_WHAT TO WORK ON_
Any picture in the data below gets skipped; print all the rest exactly.

_PROVIDED DATA_
.....

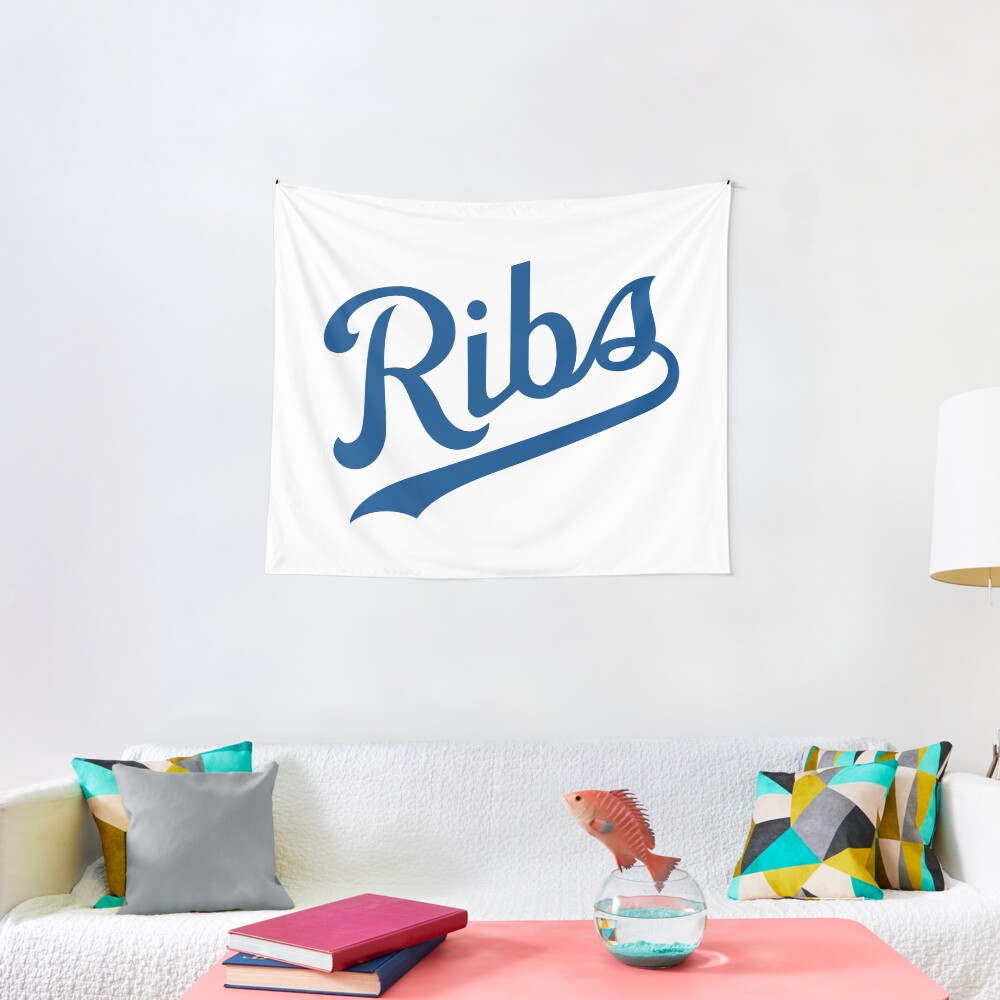KC Ribs - White 1 Tapestry
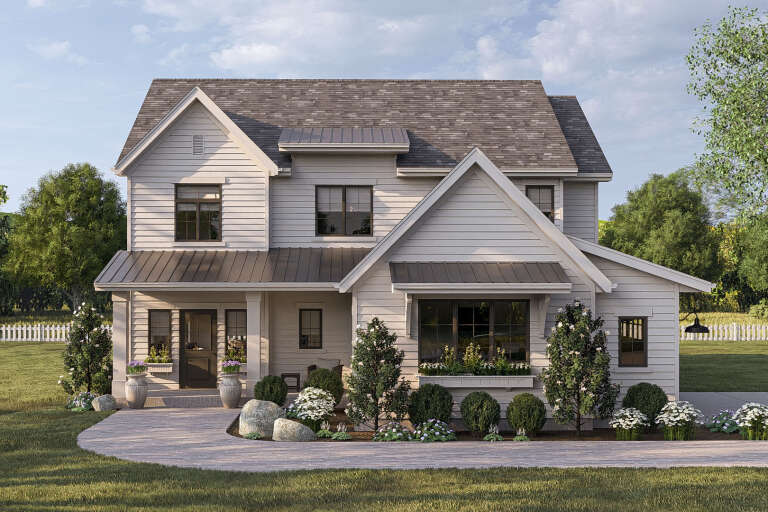 House Plan House Plan #34073 Front Elevation 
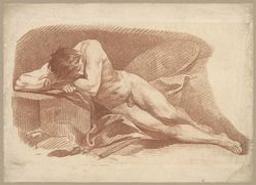 Académie d'homme nu | Bonnet, Louis Marin (1736/43-1793). Engraver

.....

_WORKED SOLUTION_
KC Ribs - White 1 Tapestry
 House Plan House Plan #34073 Front Elevation 
 Académie d'homme nu | Bonnet, Louis Marin (1736/43-1793). Engraver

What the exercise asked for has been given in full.